The opinion of the court was delivered by: J. Phil Gilbert District Judge
This matter comes before the Court on Defendant Casino Queen, Inc.'s Partial Motion to Dismiss (Doc. 12) to which Plaintiffs CP St. Louis Casino, LLC and CP St. Louis Casino Acquisition, LLC have responded (Doc. 16), and Casino Queen, Inc. Has replied (Doc. 17). For the following reasons the Court GRANTS IN PART and DENIES IN PART Defendant's Motion.
For purposes of this motion, accepting all of Plaintiffs's allegations as true and drawing all reasonable inferences it its favor, the Court finds the following facts.
In late 2005, Plaintiffs, CP St. Louis Casino, LLC and CP St. Louis Casino Acquisition, LLC,*fn1 began negotiations with Defendant, Casino Queen, to obtain ownership and control of the Casino Queen. In April 2006, the parties entered into a Merger Agreement (the Agreement) which established the terms and conditions of the transfer. Any such transfer would require the consent of certain governmental agencies, and St. Louis Casino would have to obtain a gaming licence.
A provision of the Agreement required that Casino Queen certify that no event had occurred which might place its gaming permits and licences in peril. Another provision of the Agreement required Casino Queen to certify that it was not conducting its business in violation of gaming laws and regulations and that, to its knowledge, "its directors, officers, key employees and persons performing management functions similar to officers and partners" were complying with gaming laws and regulations. Further, Casino Queen promised to promptly notify St. Louis Casino should any of its representations later be rendered untrue. Both parties also agreed to promptly notify the other in the event that either reasonably believed that governmental approval or licencing would be denied or materially delayed.
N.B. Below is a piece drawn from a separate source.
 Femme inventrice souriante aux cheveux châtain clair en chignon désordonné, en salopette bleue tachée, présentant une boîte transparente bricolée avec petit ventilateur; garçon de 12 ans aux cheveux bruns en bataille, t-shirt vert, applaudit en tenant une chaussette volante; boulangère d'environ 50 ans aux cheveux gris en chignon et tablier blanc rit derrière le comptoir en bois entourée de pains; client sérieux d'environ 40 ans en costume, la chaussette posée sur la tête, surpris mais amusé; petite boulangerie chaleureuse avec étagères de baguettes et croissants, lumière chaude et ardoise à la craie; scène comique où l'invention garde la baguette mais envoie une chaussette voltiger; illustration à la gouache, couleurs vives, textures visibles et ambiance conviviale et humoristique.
As per a clause in the Agreement regarding the transferability of stock, Casino Queen notified St. Louis Casino that Gerard Kenny, a stockholder and/or director of Casino Queen, had pledged his shares to certain other stockholders and/or directors. Casino Queen disclosed that "the validity of the pledge is an issue currently in litigation." What Casino Queen did not disclose, however, was that the stock pledge was being investigated by the Illinois Gaming Board (the Board). Furthermore, Casino Queen did not disclose that Gerard Kenny was also being investigated by the Board for alleged ties to organized crime. In January 2007, the Board ordered Gerard Kenny to economically dissociate himself from Casino Queen. In the meantime, St. Louis Casino found their application to obtain a gaming licence from the Board delayed, perhaps because of the investigations into Gerard Kenny's activities.
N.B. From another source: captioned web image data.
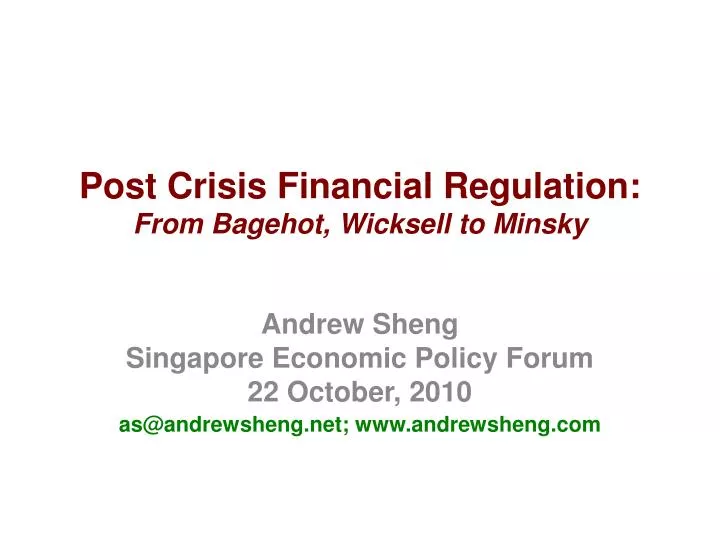 post crisis financial regulation from bagehot wi c ksell to minsky
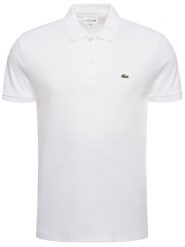 Lacoste Polo DH2050 Biały Regular Fit. Białe koszulki polo LACOSTE, m, bez wzorów, z bawełny, bez kołnierzyka, bez ramiączek. Za 269.99 zł.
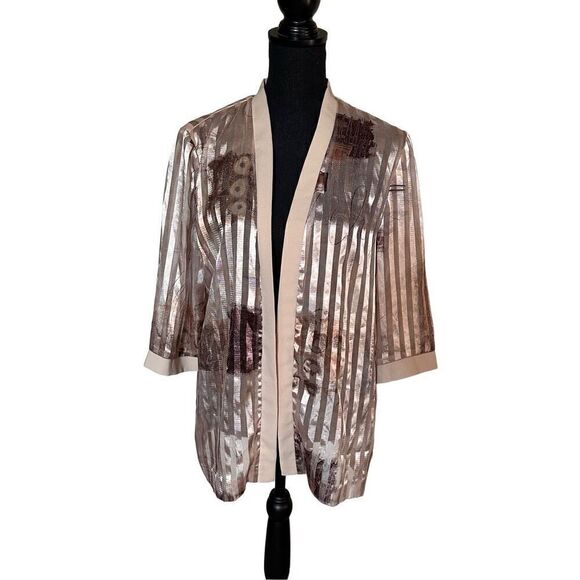 Vintage R&M Richards Cardigan Sheer Striped Tan Gold Open Front - Picture 1 of 5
An outside date of December 31, 2006 was set for closing on the acquisition. However, St. Louis Casino would not have received the necessary governmental approval and licencing to consummate the deal by that date. Therefore, as per a clause in the Agreement, the parties agreed to extend the date for closing to February 28, 2007. In exchange for Casino Queen's agreement to push back the closing date, St. Louis Casino deposited a security deposit of slightly over five million dollars into an escrow account. On or about February 26, St. Louis Casino, still waiting to obtain a gaming licence, asked for a further extension of the closing date. Casino Queen refused, and terminated the Agreement. Casino Queen kept the five million dollars in the escrow account, despite St. Louis Casino's demand that it return the money.
St. Louis Casino brought this action alleging breach of contract (Count I), fraud (Count II), violation of the Illinois Consumer Fraud and Deceptive Practices Act (Consumer Fraud Act) (Count III), violation of section 10(b) of the Securities and Exchange Act (SEA) and implementing rule 10b-5 (Count IV), and unjust enrichment (Count V). Casino Queen moved to dismiss Counts II, III, IV.
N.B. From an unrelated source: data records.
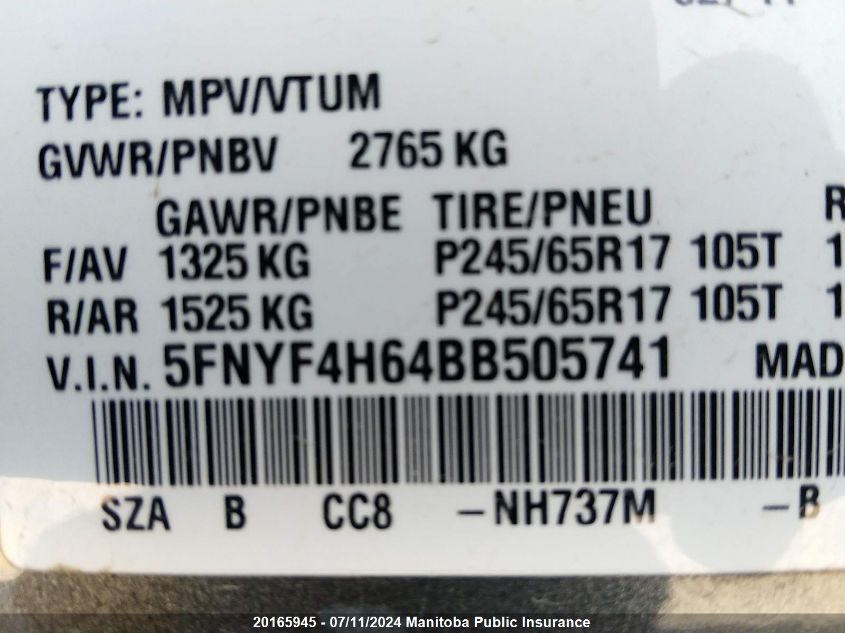 2011 Honda Pilot Ex-L VIN: 5FNYF4H64BB505741 Lot: 20165945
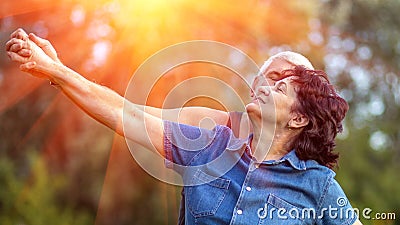 Young beautiful athletic mature couple does gymnastics Stock Photo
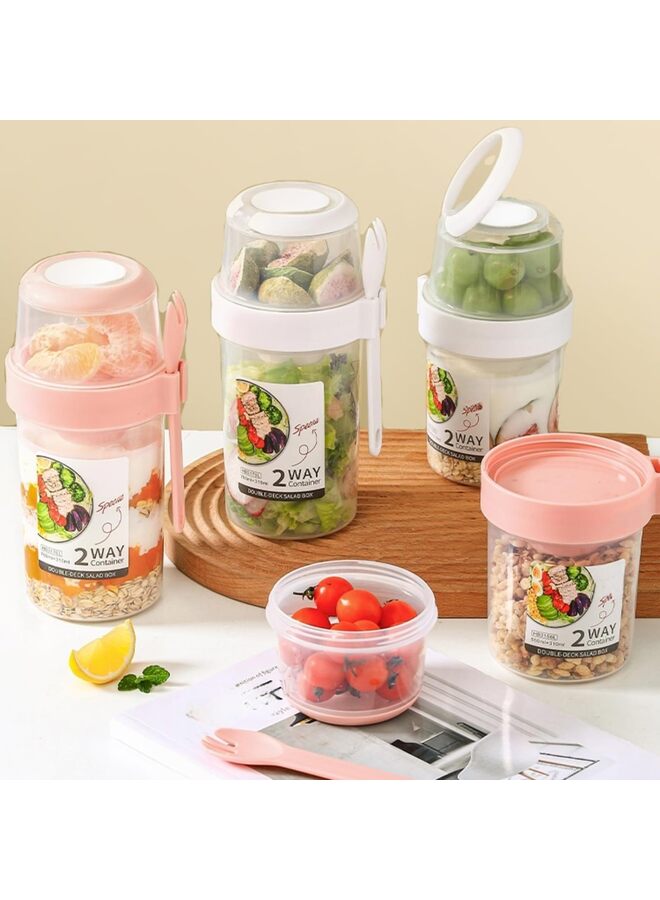 LAMAY Breakfast On The Go Cups, Salad Cup To Go, Take And Go Yogurt Cereal Overnight Oats Snack Parfait Containers & Salad Dressing Holder With Fork For Lunch, Fruit & Vegetable Jar(GREEN) - Image 4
When reviewing a Rule 12(b)(6) motion to dismiss, the Court accepts all allegations as true and draws all reasonable inferences in favor of the plaintiff. Brown v. Budz, 398 F.3d 904, 908 (7th Cir. 2005); Holman v. Indiana, 211 F.3d 399, 402 (7th Cir. 2000). The Court should not grant a motion to dismiss unless it appears beyond doubt that the plaintiff cannot prove his claim under any set of facts consistent with the complaint. Brown, 398 F.3d at 908-09; Holman, 211 F.3d at 405. "[I]f it is possible to hypothesize a set of facts, consistent with the complaint, that would entitle the plaintiff to relief, dismissal under Rule 12(b)(6) is inappropriate." Brown, 398 F.3d at 909 (internal quotations omitted); see Kolupa v. Roselle Park Dist., 438 F.3d 713, 715 (7th Cir. 2006).
Generally, courts will not grant a motion to dismiss merely because the complaint is vague or lacking in detail so long as it pleads "the bare minimum facts necessary to put the defendant on notice of the claim so that he can file an answer." Higgs v. Carver, 286 F.3d 437, 439 (7th Cir. 2002); see Kolupa, 438 F.3d at 714-15; Brown, 398 F.3d at 908. There is an exception to this general rule, however, regarding allegations of fraud. "In all averments of fraud or mistake, the circumstances constituting fraud or mistake shall be stated with particularity. Malice, intent, knowledge, and other condition of mind of a person may be averred generally." Fed. R. Civ. Pro. 9(b). The "circumstances constituting fraud" must include the "who, what, when, where and how: the first paragraph of any newspaper story." DiLeo v. Ernst & Young, 901 F.2d 624, 627 (7th Cir. 1990).
St. Louis Casino has stated the circumstances of the alleged fraud with sufficient particularity. The complaint alleges that, during the period of time covered by the Agreement, Casino Queen falsely certified that it had no knowledge of any events or actions by its directors which might put its gaming licence and permits in peril, and that it had no reason to believe that governmental approval of the transaction might be materially delayed. St. Louis Casino alleges that the Board's investigations into Gerard Kenny were known to Casino Queen and that Casino Queen knew that the investigations could reasonably be expected to delay the ability of St. Louis Casino to obtain the necessary licenses and governmental approval of the transaction. St. Louis Casino alleges that by making such false certifications, Casino Queen induced them to believe that the transaction could proceed ...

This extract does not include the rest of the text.